### Exercise
In the records below, find the line holding "Still FM-X20 Reach"; copy it and every line after it to the end, omitting all images.

========

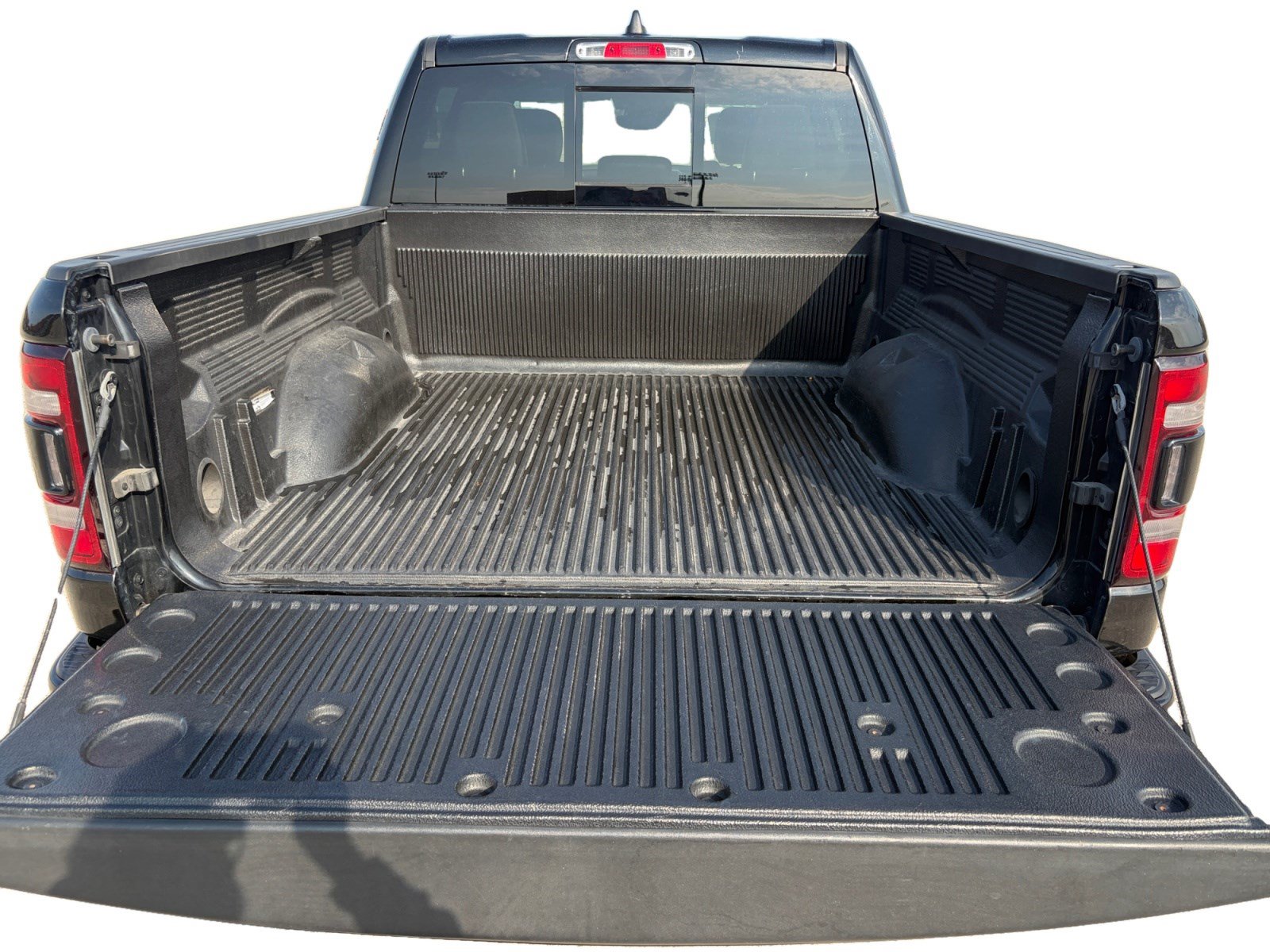 Used 2022 RAM 1500 Laramie AWD/4WD image 23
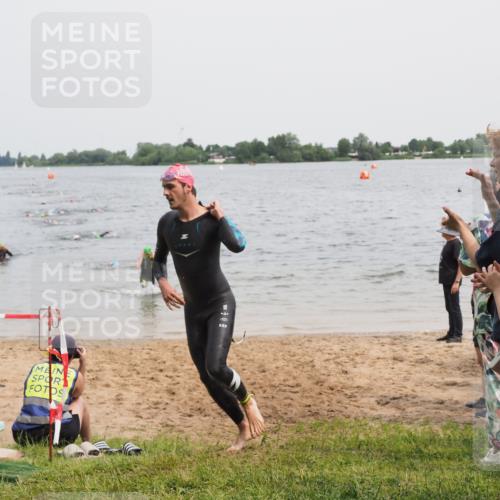 21.06.2025 - 27. Vierlanden-Triathlon MichiJ http://msf.ph/oto/8024990 15.06.2026 10:56:06 Schwimmen 702, 733 meine-sportfotos.de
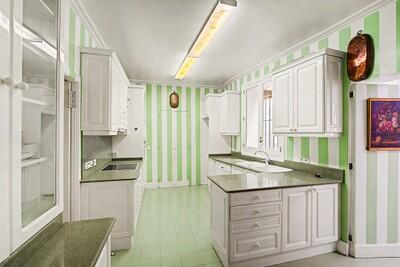 Kitchen (1)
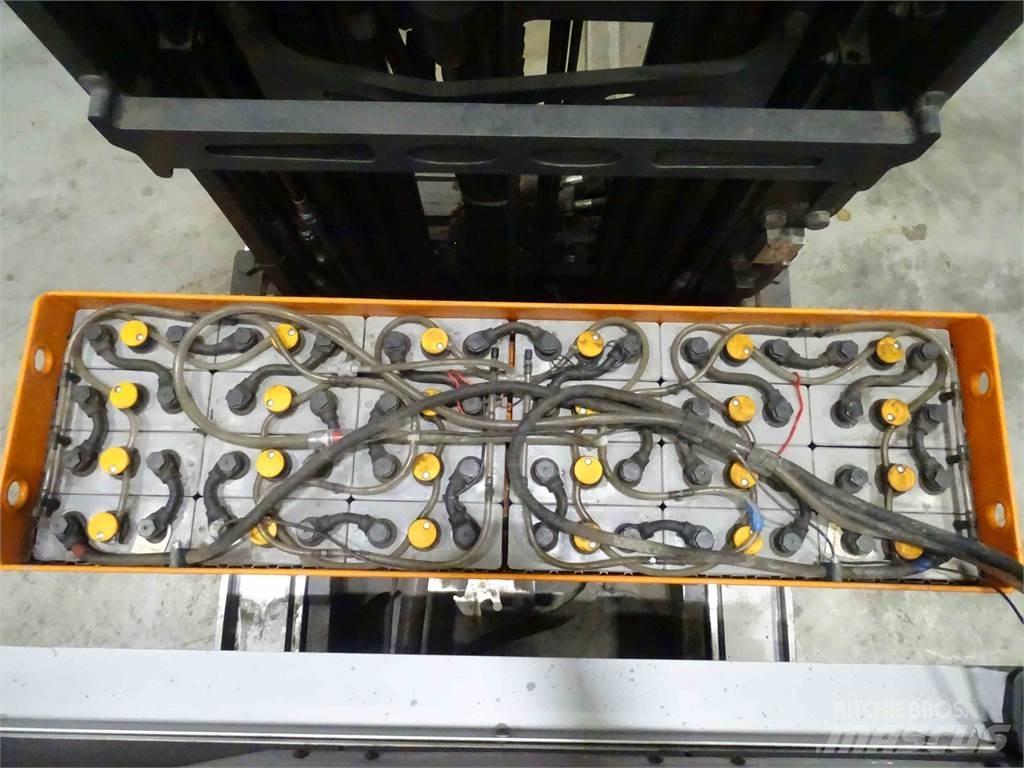 Still FM-X20 Reach truck - depo içi istif araçları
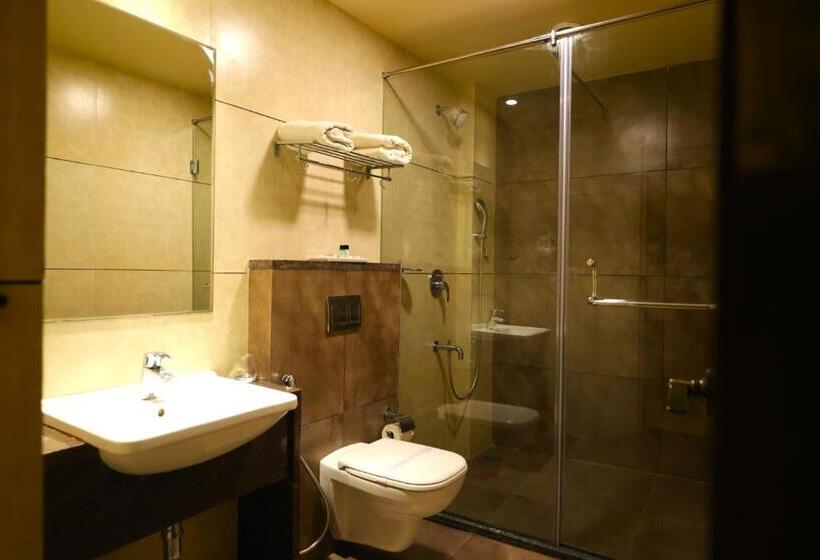 חדר סופריור עם מיטת קינג, Sai International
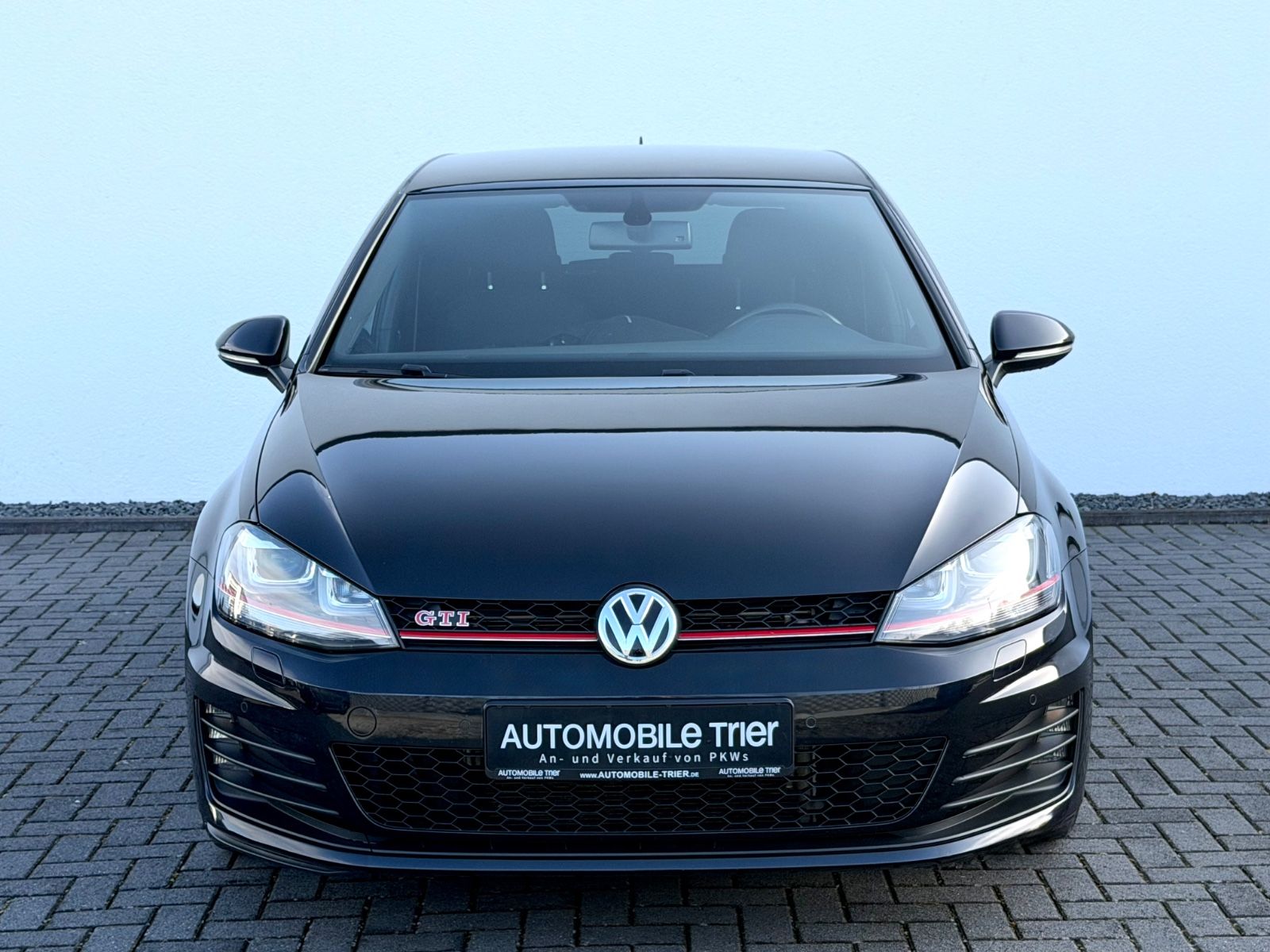 Volkswagen Golf VII Lim. GTI Performance BMT - Bild 2 Volkswagen Golf VII Lim. GTI Performance BMT in Schwarz als Limousine - Fahrzeugfoto 2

========

### Answer below
 Still FM-X20 Reach truck - depo içi istif araçları
 חדר סופריור עם מיטת קינג, Sai International
 Volkswagen Golf VII Lim. GTI Performance BMT - Bild 2 Volkswagen Golf VII Lim. GTI Performance BMT in Schwarz als Limousine - Fahrzeugfoto 2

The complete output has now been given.